I no longer receive audio alert when I have an incoming ride request. The request will popup on the screen but if I'm not looking at the screen, I won't know I have the request and I'll miss it. I've tried reinstalling the app, verifying it has access to audio, turning the volume up for all media... but it's just not working.

FYI - once accepting ride the NAV starts and the voice on the NAV works fine, so I know audio IS working.

Anyone else have issues with audio alerts for ride reqs and steps to resolve?

Thanks,
Rob


----------



## Showa50 (Nov 30, 2014)

The chime is tied to your alarm volume setting.


----------



## Rob-DE (Jul 15, 2017)

Showa50 said:


> The chime is tied to your alarm volume setting.

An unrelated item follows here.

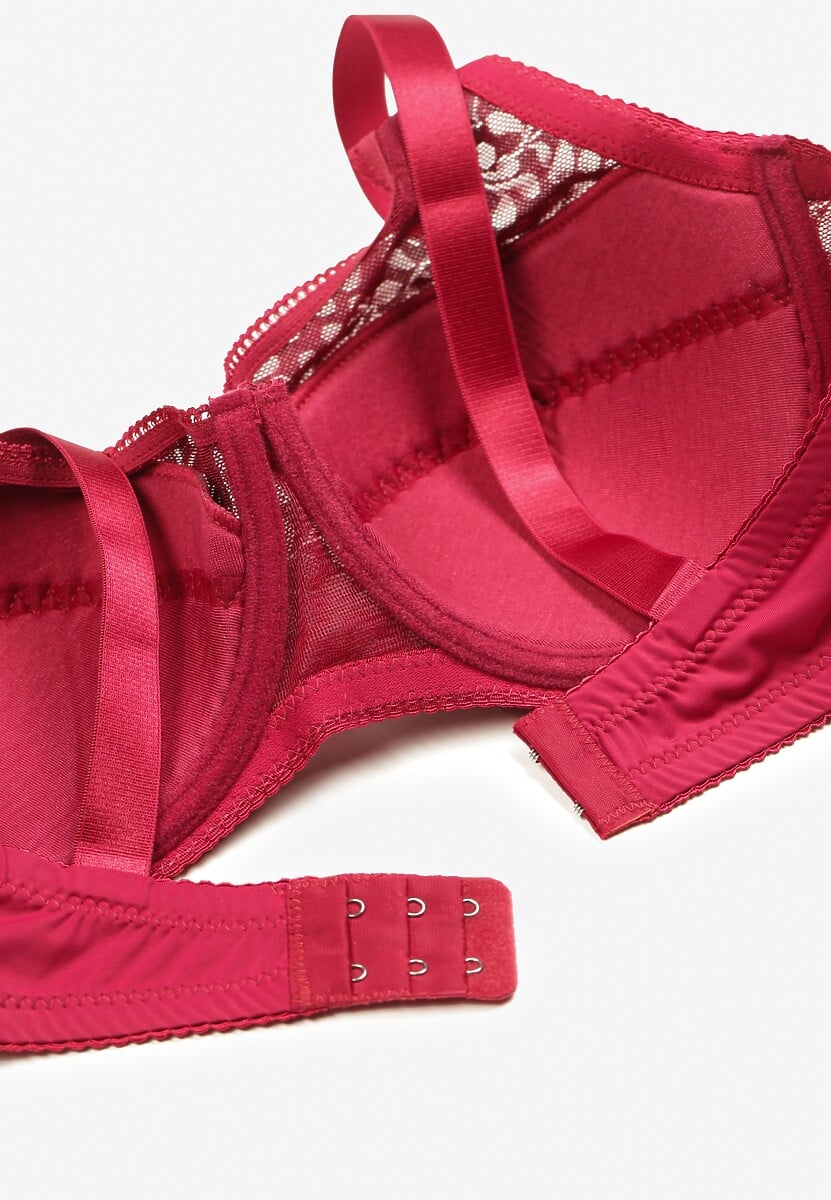 Bordowy Biustonosz Full Cup z Ramiączkami z Regulacją Posofia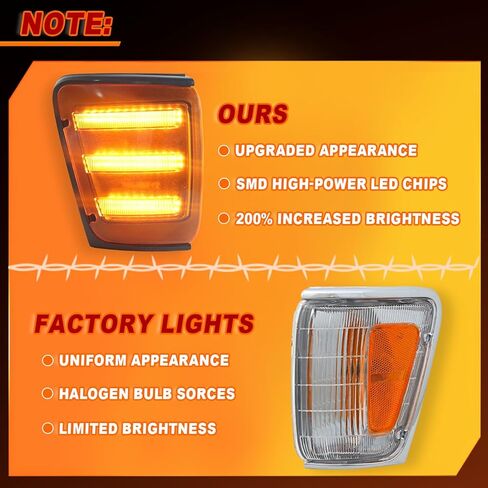ضوء المنعطفات الأمامي LED لشاحنة بيك اب تويوتا 1989-1991 4WD، 1990 1991 Toyota 4Runner، (LH+RH) مصباح أمامي للعلامة الجانبية، يستبدل OEM # TO2520124 TO2521126 in Kuwait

Thanks for that. Unfortunately, my alarm volume is maxed out. I hear my alarm in the morning and Uber pings are very loud.

I tried switching from Vibrate mode to normal Ring mode and my next Lyft ping was loud. But, staying in this mode, the next ping had no sound


----------



## R.Duck (Feb 26, 2018)

Rob-DE said:


> I no longer receive audio alert when I have an incoming ride request. The request will popup on the screen but if I'm not looking at the screen, I won't know I have the request and I'll miss it. I've tried reinstalling the app, verifying it has access to audio, turning the volume up for all media... but it's just not working.
> 
> FYI - once accepting ride the NAV starts and the voice on the NAV works fine, so I know audio IS working.
> 
> ...


Same problem here. Support told me it was a "known issue" and they're working on it.


----------



## GlenGreezy (Sep 21, 2015)

Turn off Bluetooth. I have the same problem on my iPhone when it is connected to Bluetooth audio notification goes away


----------



## R.Duck (Feb 26, 2018)

R.Duck said:


> Same problem here. Support told me it was a "known issue" and they're working on it.


Issue resolved in latest update.


----------



## MissAnne (Aug 9, 2017)

I get ping notifications but no voice on navigation


----------



## Ajaywill (Jul 4, 2017)

I had noticed this also recently. No audio ping on Lyft requests. I tried all of the same things you did...delete and re-install app, check all of my volume settings including the alarms, etc. Nothing worked. This last weekend, it started working again, so I think an app update fixed it, as was mentioned.


----------